EXERCISE AIM = The answer is to be the lines below that lie between the line holding "Everlane felted merino wool half zip sweater" and the line holding "Plastron intérieur amovible", inclusive, transcribed exactly and free of pictures.

RECORDS FOR PROCESSING =
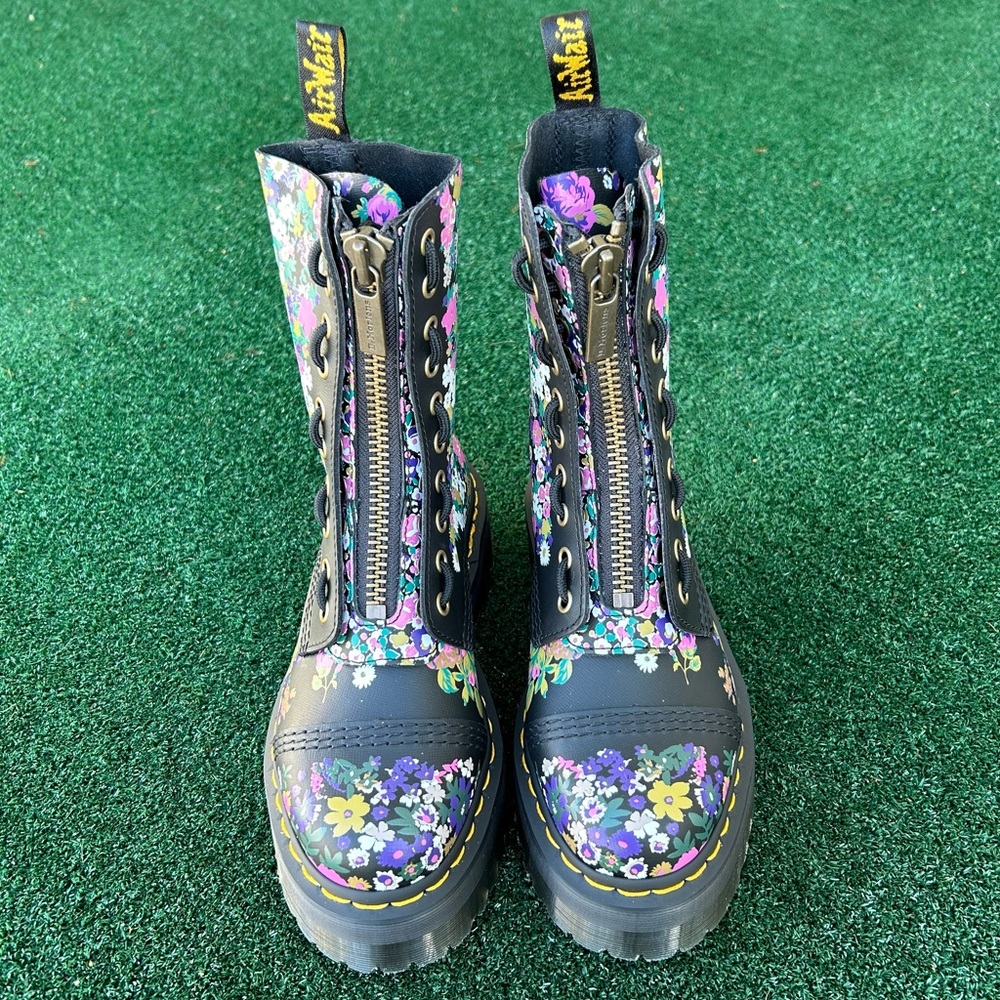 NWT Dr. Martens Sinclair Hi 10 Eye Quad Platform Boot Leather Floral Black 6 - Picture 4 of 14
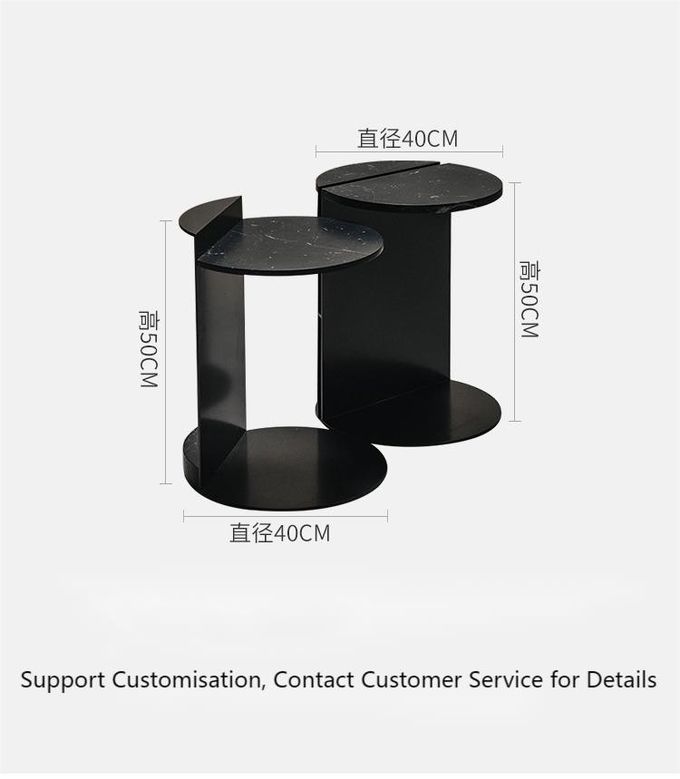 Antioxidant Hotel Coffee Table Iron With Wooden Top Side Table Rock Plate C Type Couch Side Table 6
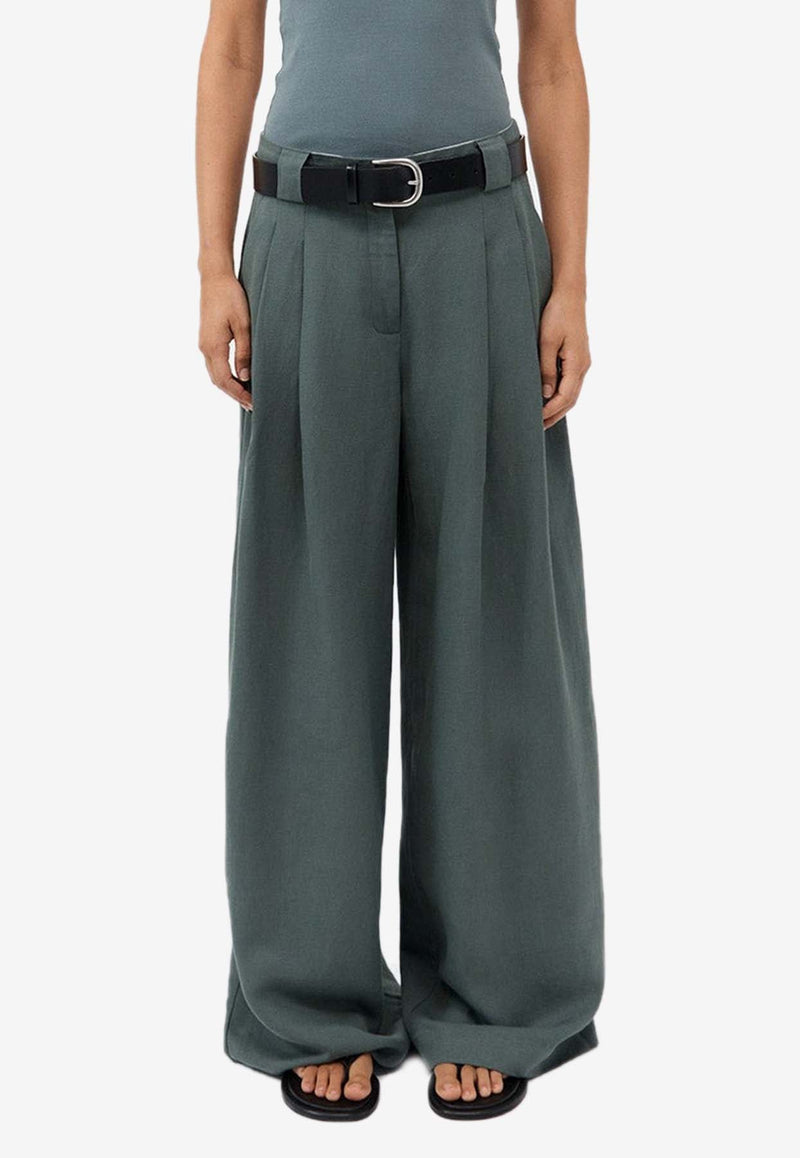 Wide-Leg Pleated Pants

--

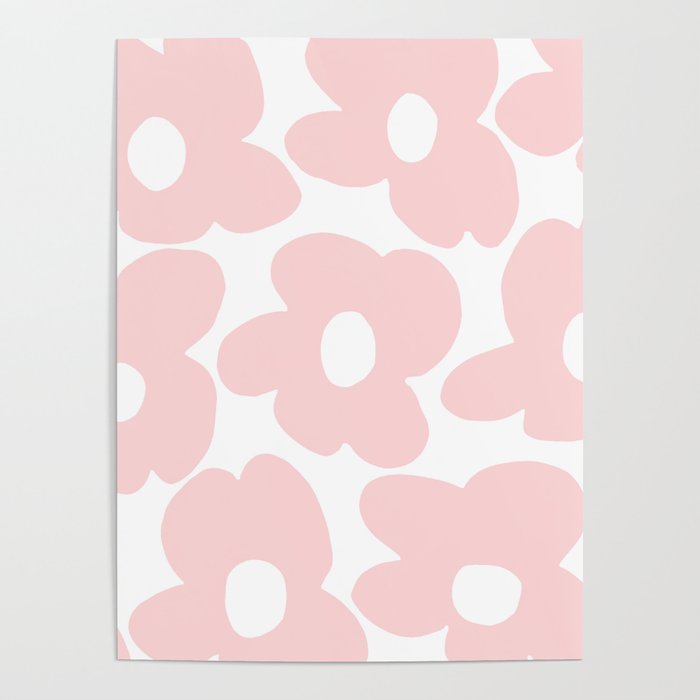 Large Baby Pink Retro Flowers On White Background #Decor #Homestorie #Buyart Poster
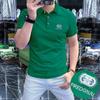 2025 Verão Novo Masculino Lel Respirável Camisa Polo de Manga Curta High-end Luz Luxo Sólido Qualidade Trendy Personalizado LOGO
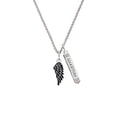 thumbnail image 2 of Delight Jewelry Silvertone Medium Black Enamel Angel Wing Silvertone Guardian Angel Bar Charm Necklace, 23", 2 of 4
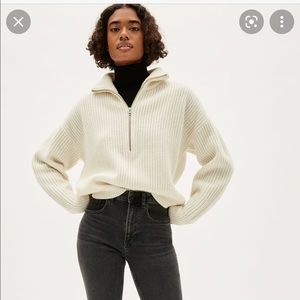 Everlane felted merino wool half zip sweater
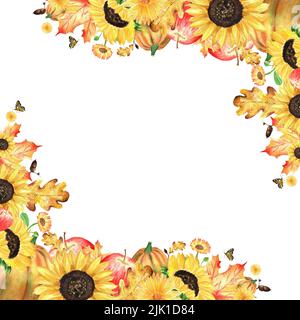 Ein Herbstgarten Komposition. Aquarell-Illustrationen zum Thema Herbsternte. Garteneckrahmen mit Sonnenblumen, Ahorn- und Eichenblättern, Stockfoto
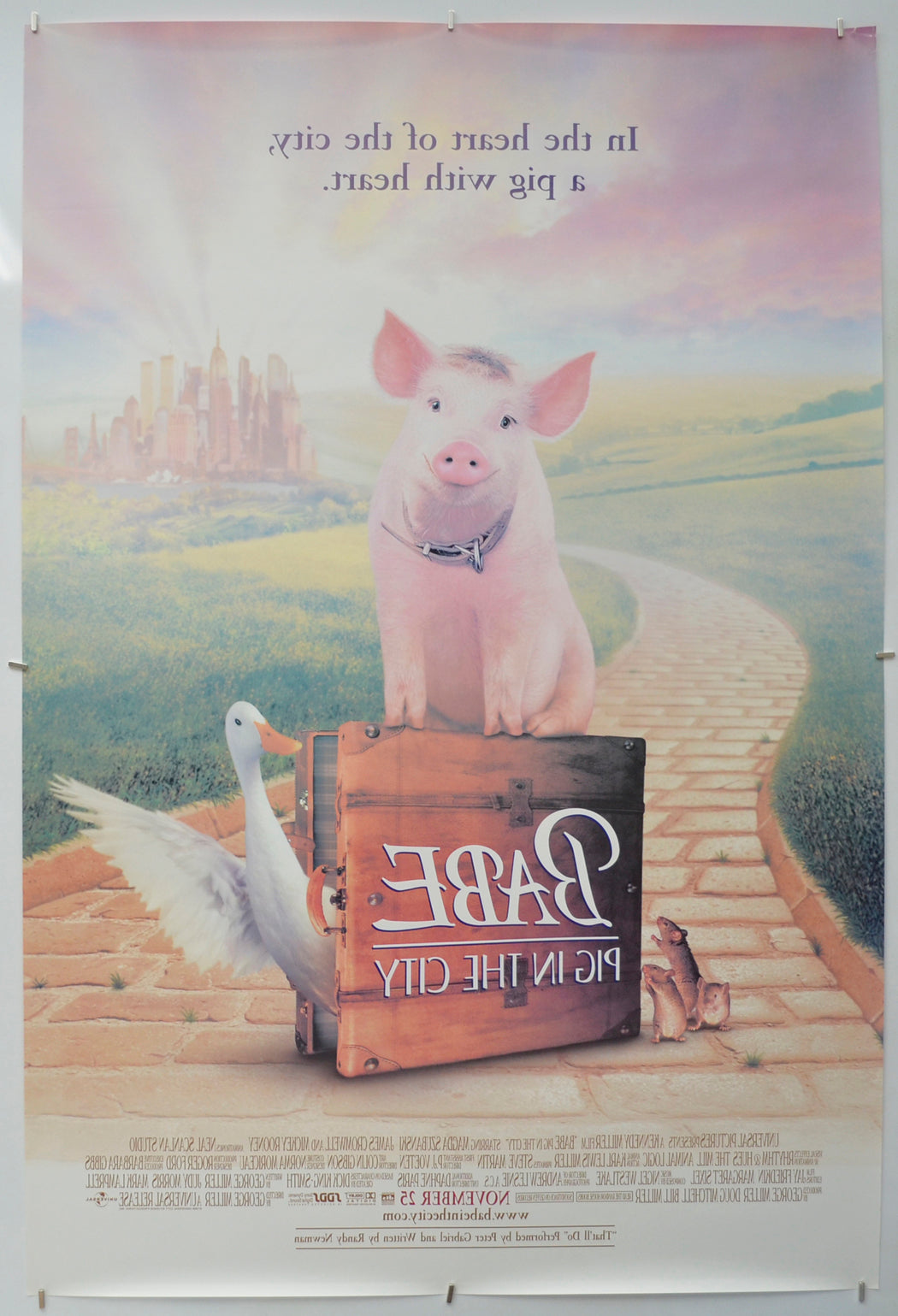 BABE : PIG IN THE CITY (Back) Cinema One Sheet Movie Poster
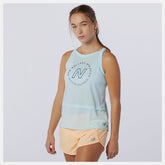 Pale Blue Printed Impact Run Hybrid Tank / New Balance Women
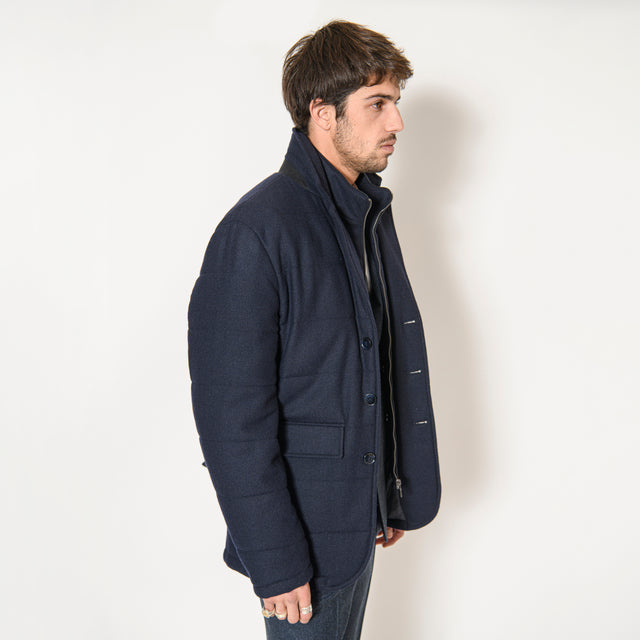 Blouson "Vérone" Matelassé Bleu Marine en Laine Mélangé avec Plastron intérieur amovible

...

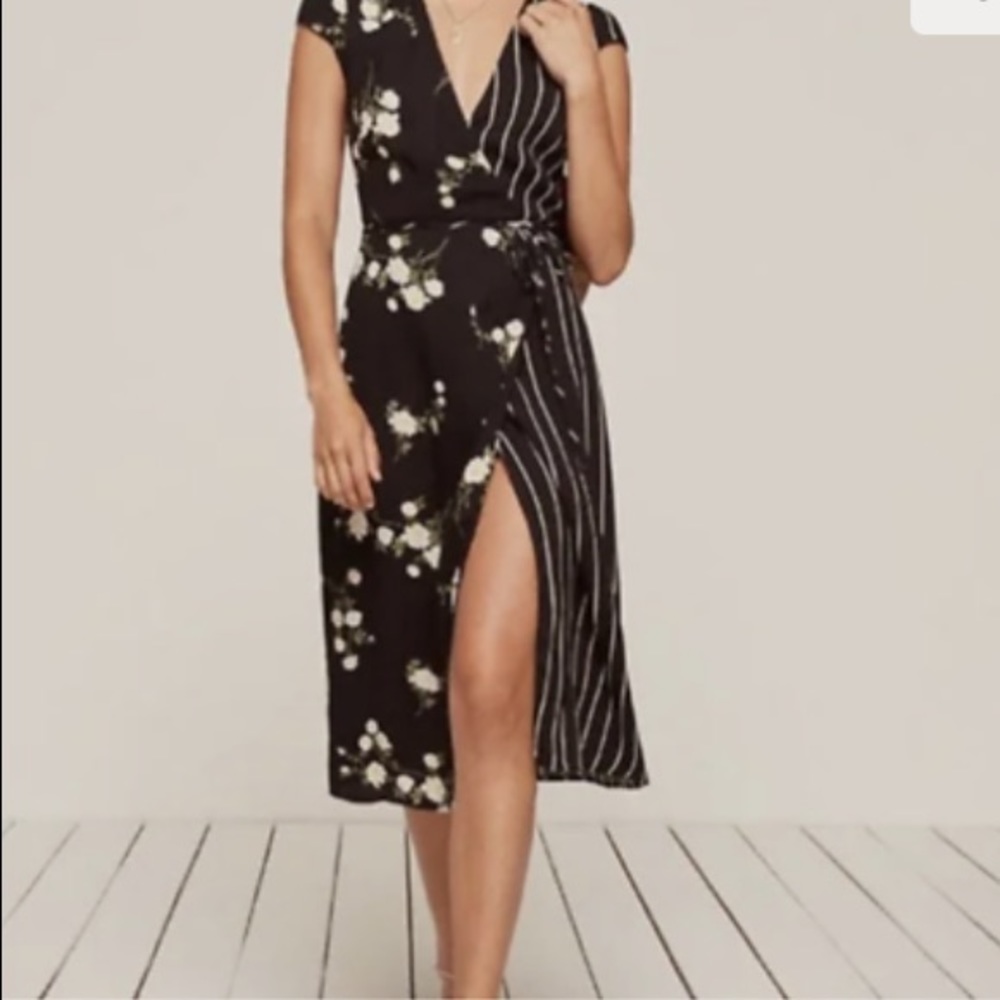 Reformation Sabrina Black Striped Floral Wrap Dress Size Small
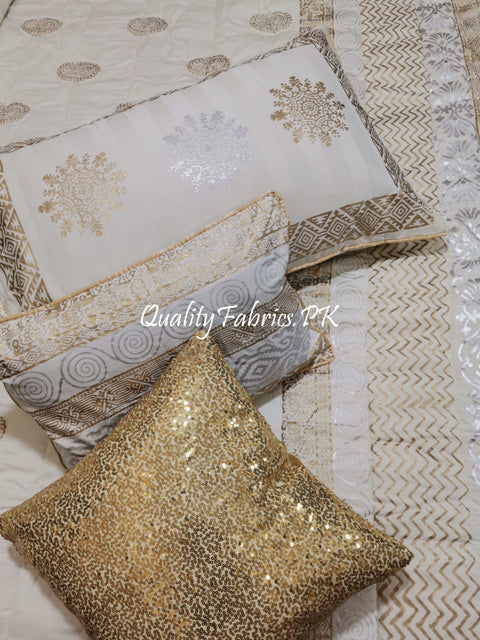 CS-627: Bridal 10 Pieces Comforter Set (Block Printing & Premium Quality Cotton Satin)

RESPONSE =
 Everlane felted merino wool half zip sweater
 Ein Herbstgarten Komposition. Aquarell-Illustrationen zum Thema Herbsternte. Garteneckrahmen mit Sonnenblumen, Ahorn- und Eichenblättern, Stockfoto
 BABE : PIG IN THE CITY (Back) Cinema One Sheet Movie Poster
 Pale Blue Printed Impact Run Hybrid Tank / New Balance Women
 Blouson "Vérone" Matelassé Bleu Marine en Laine Mélangé avec Plastron intérieur amovible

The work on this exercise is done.